— Assignment —
Could you please retype exactly the lines from the start of the records below through the line that contains "For example, we", both included, and leave out the pictures?

— Collected data —

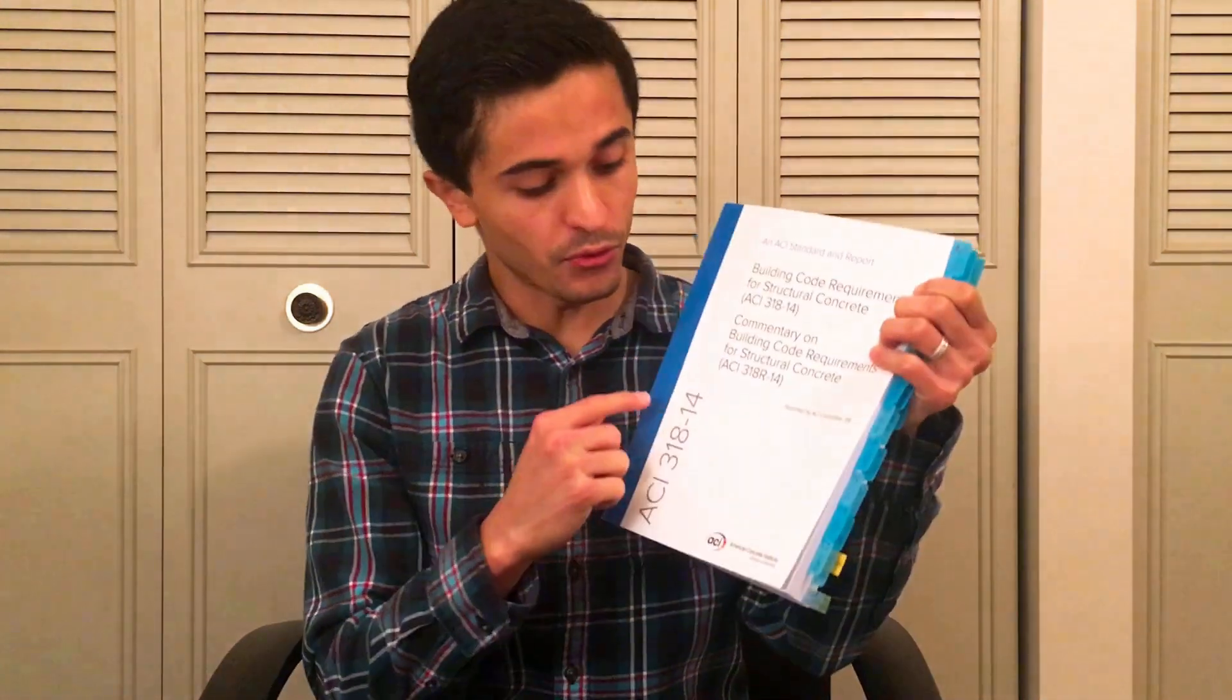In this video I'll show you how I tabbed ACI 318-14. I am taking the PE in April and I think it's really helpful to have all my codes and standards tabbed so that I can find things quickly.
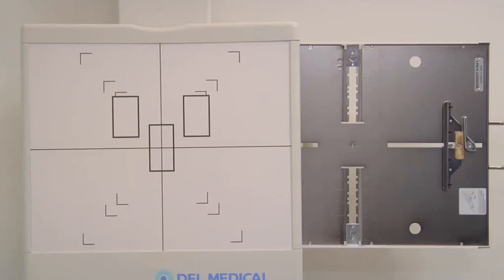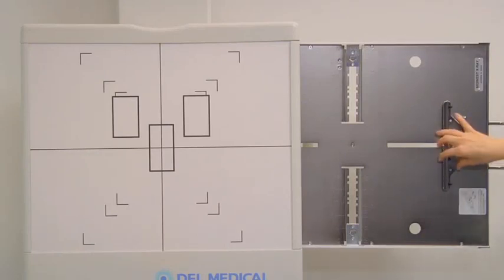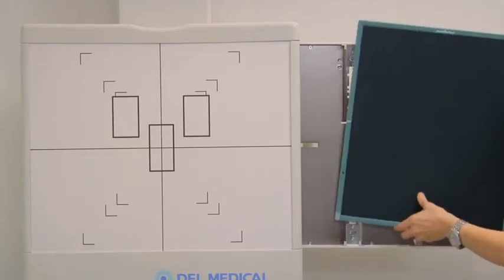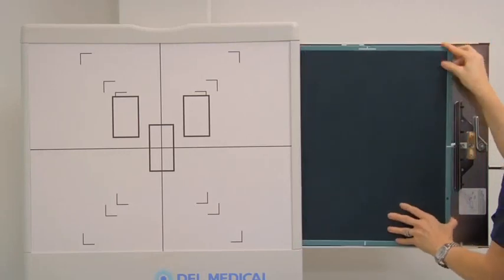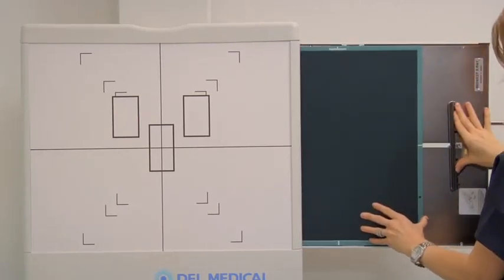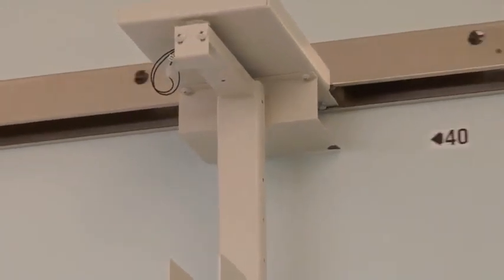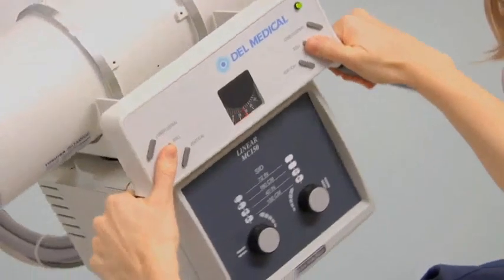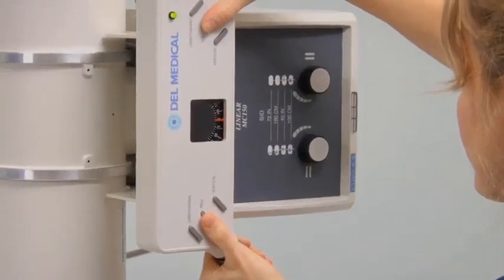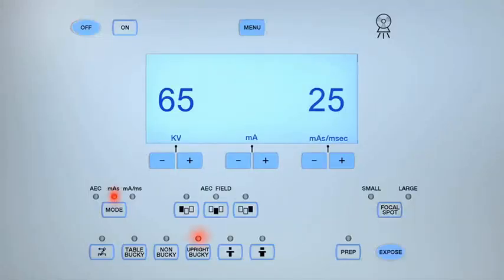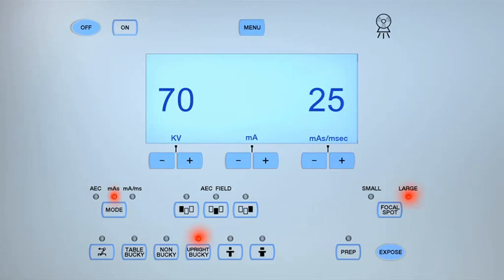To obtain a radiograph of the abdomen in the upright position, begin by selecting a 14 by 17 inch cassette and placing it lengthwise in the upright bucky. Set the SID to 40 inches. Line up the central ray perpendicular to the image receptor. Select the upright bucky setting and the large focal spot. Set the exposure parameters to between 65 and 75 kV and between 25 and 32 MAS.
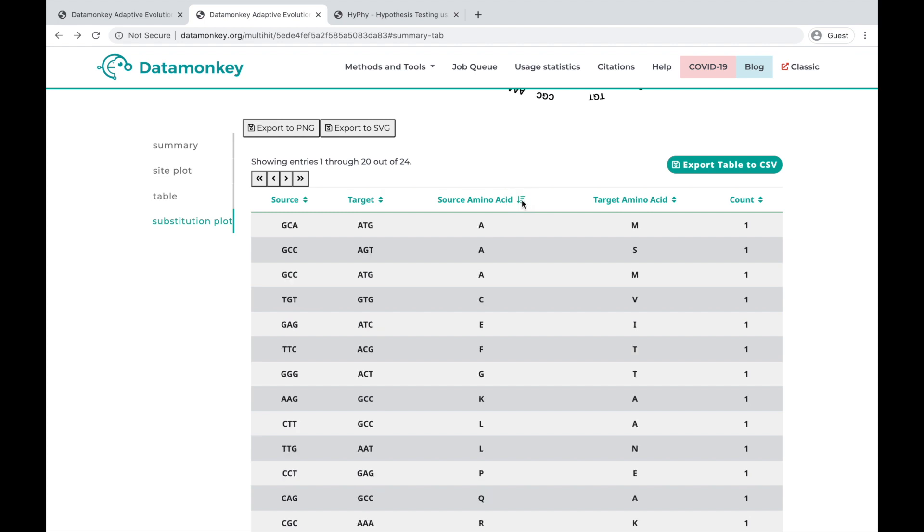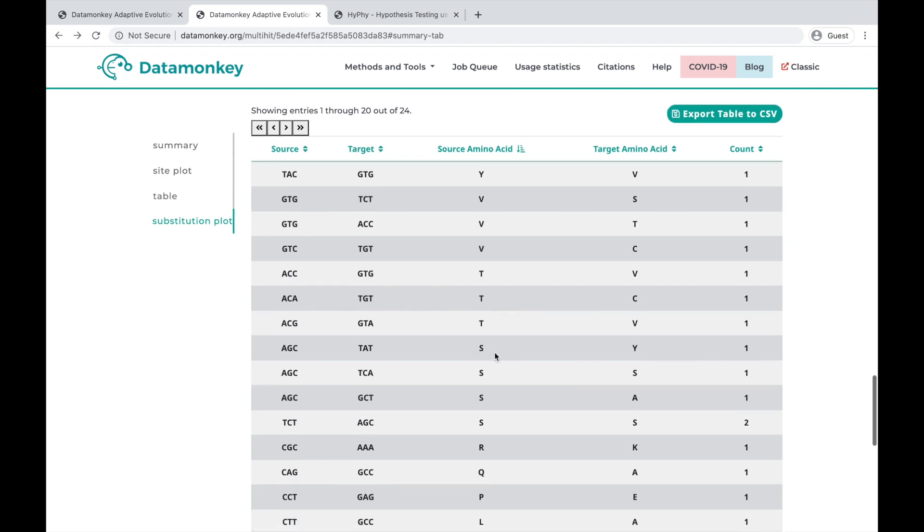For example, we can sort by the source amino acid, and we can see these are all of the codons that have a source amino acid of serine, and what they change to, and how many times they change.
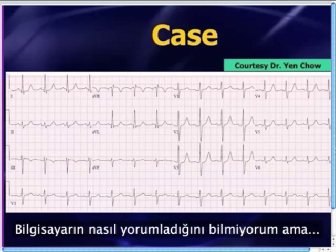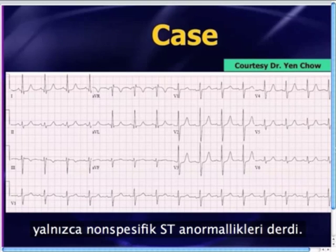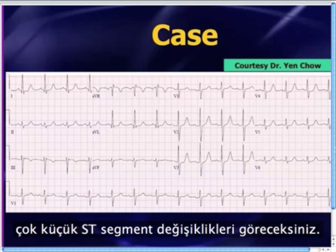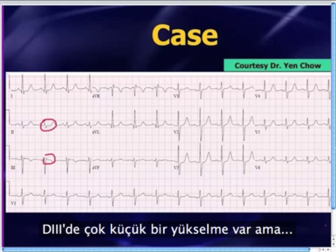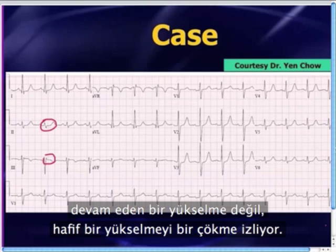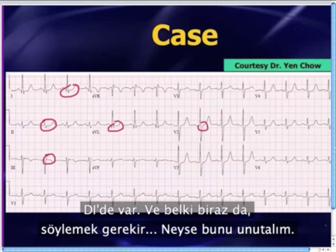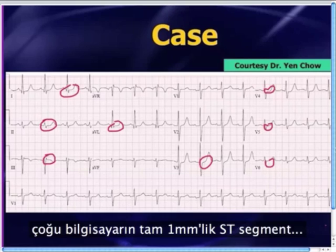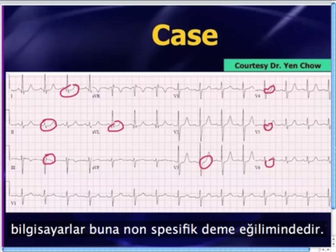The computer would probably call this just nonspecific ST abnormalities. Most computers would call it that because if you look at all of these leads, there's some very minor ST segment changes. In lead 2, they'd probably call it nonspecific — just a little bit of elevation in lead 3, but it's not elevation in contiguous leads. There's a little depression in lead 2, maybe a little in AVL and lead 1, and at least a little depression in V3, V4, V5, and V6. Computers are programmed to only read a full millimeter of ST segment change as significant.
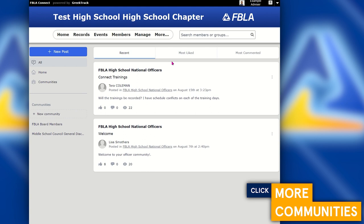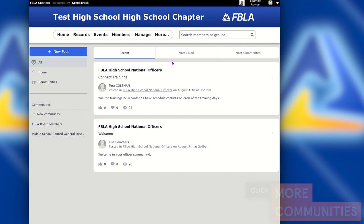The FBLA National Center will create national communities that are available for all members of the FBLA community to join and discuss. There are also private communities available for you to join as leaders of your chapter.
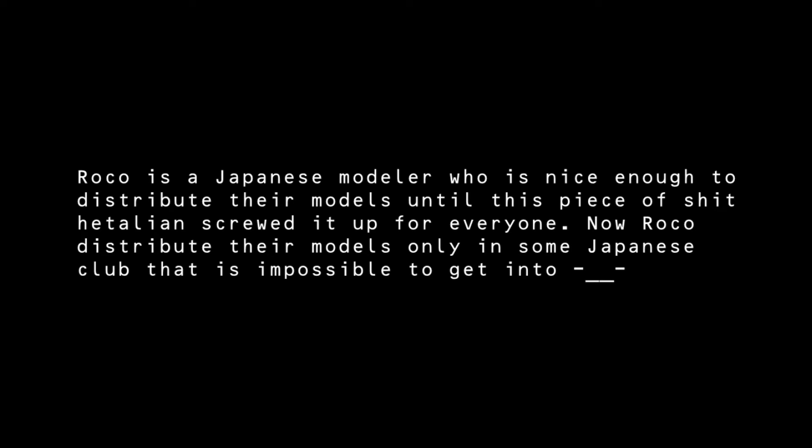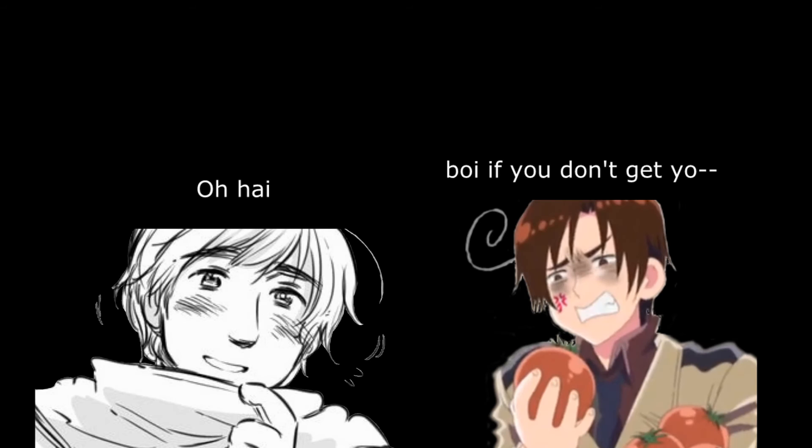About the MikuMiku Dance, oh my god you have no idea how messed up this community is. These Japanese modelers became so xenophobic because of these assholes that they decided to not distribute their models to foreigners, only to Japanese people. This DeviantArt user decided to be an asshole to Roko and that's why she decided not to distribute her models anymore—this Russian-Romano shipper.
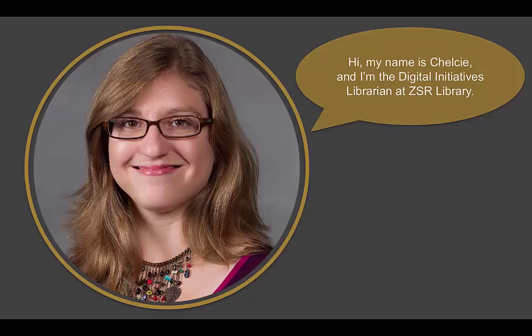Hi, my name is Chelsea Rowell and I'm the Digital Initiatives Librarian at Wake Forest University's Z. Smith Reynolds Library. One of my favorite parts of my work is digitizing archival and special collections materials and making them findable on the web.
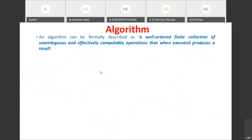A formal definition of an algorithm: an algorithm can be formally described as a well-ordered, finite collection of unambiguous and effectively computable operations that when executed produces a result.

— Exercise response —
In this video I'll show you how I tabbed ACI 318-14. I am taking the PE in April and I think it's really helpful to have all my codes and standards tabbed so that I can find things quickly.
To obtain a radiograph of the abdomen in the upright position, begin by selecting a 14 by 17 inch cassette and placing it lengthwise in the upright bucky. Set the SID to 40 inches. Line up the central ray perpendicular to the image receptor. Select the upright bucky setting and the large focal spot. Set the exposure parameters to between 65 and 75 kV and between 25 and 32 MAS.
For example, we can sort by the source amino acid, and we can see these are all of the codons that have a source amino acid of serine, and what they change to, and how many times they change.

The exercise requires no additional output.